Letzteres wird dann 2008 eingeweiht. Aber irgendetwas läuft schief und der Start der neuen Strukturen unterliegt auch einigen Verzögerungen. Erste bürokratische Probleme in Bezug auf die Verwendbarkeit derselben, die es der Gemeinde Conversano nicht erlauben, sie zu erwerben. Dann gewann das Colari- Konsortium (von Manlio Cerroni, Manager der römischen Mülldeponie in Malagrotta ) im Staatsrat die Berufung in Bezug auf die Ausschreibung, die Cogeam in der Tat den Besitz der Anlagen verweigert. Alles, was nochmal gemacht werden muss.

In diesen Jahren erreicht die Deponie Lombardi eine Höhe von bis zu zehn Metern, auch aufgrund der getrennten Sammlung, die nicht im Südosten von Bari wächst.
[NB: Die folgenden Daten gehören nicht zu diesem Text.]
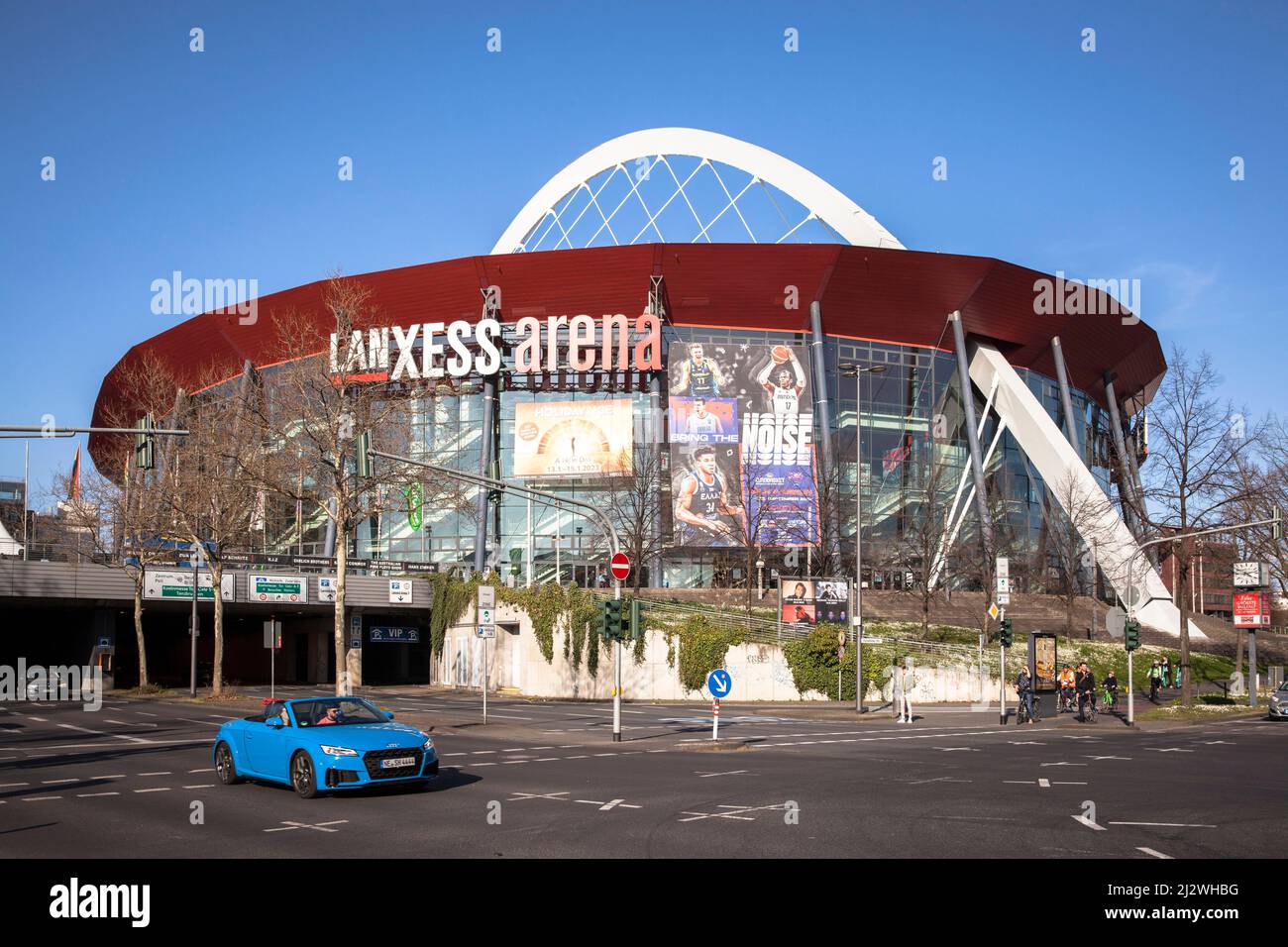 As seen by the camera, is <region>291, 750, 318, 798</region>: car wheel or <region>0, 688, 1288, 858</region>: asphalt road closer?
<region>0, 688, 1288, 858</region>: asphalt road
Und das bei Anteilen nahe 15 Prozent, alles in allem in Übereinstimmung mit der regionalen Zahl.

Wir kommen zu diesen letzten Monaten. Vendola bereitet eine neue Ausschreibung für das Management des Conversano-Werks vor. Zu diesem Anlass stellt sich nur Cogeam vor, das sich inzwischen in Bari 5 Environment Project umbenannt hat: Nach der vorläufigen Vergabe wurden die Anlagen zur Herstellung von aus Abfällen gewonnenem Kraftstoff in Betrieb genommen, die jetzt in der Müllverbrennungsanlage Massafra (Provinz Tarent) entsorgt werden ), was tatsächlich die Stilllegung der Deponie Lombardi ermöglichte.
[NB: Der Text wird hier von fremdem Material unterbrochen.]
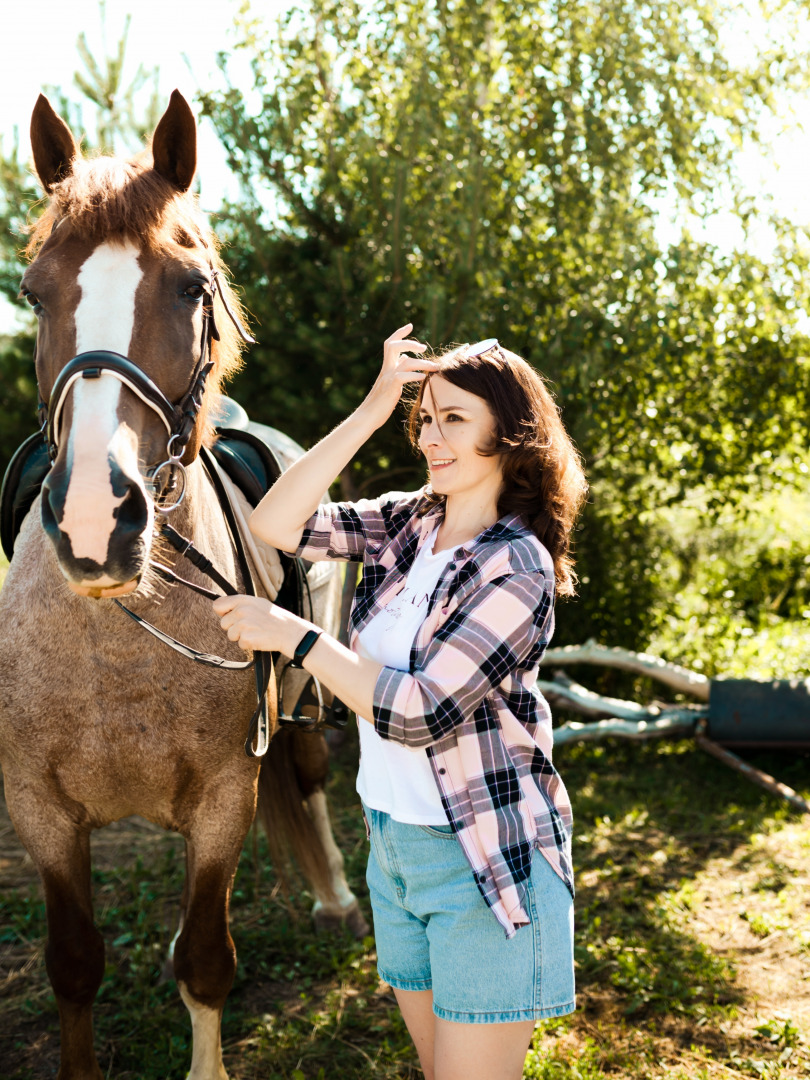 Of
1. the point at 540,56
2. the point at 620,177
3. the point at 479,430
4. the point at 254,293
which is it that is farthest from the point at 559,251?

In dem neuen Vertragsprogramm mit dem Bari 5-Umweltprojekt ist das Unternehmen nur für die volumetrische Reduzierung von Materialien aus der getrennten Abfallsammlung verantwortlich. Es wird kein Hinweis auf die Verwendung des Förderbandes zur manuellen Abfalltrennung gegeben. Nach Angaben des Umweltamtes der Gemeinde kann diese Tätigkeit daher nur mit einem einzigen Material durchgeführt werden. Tatsächlich verrät das Verhältnis der Anlage, dass genau für die Trennung der gesammelten Multimaterialien ausgelegt war.

Attilio Tornavacca vom Esper-Forschungszentrum und Partner von Raphael Rossi (neuer Präsident Asiens in Neapel) erklärt den Nutzen des Sammelzentrums. „Bei solchen Pflanzen muss man die gesammelten Fraktionen wie Plastik und Dosen unterscheiden. Bei Wirbelstromabscheidern zur Entfernung von Aluminium hat die Technologie Fortschritte gemacht. Im Allgemeinen ist die Einzelmaterialkollektion besser, aber für einige wie Aluminium, das von uns nur wenig verbraucht wird, ist sie weder angemessen noch zweckmäßig. "

Wird es nach zehn Jahren Inaktivität möglich sein, eine Investition von fünf Milliarden Lire sinnvoll zu machen, die alle streng öffentlich sind?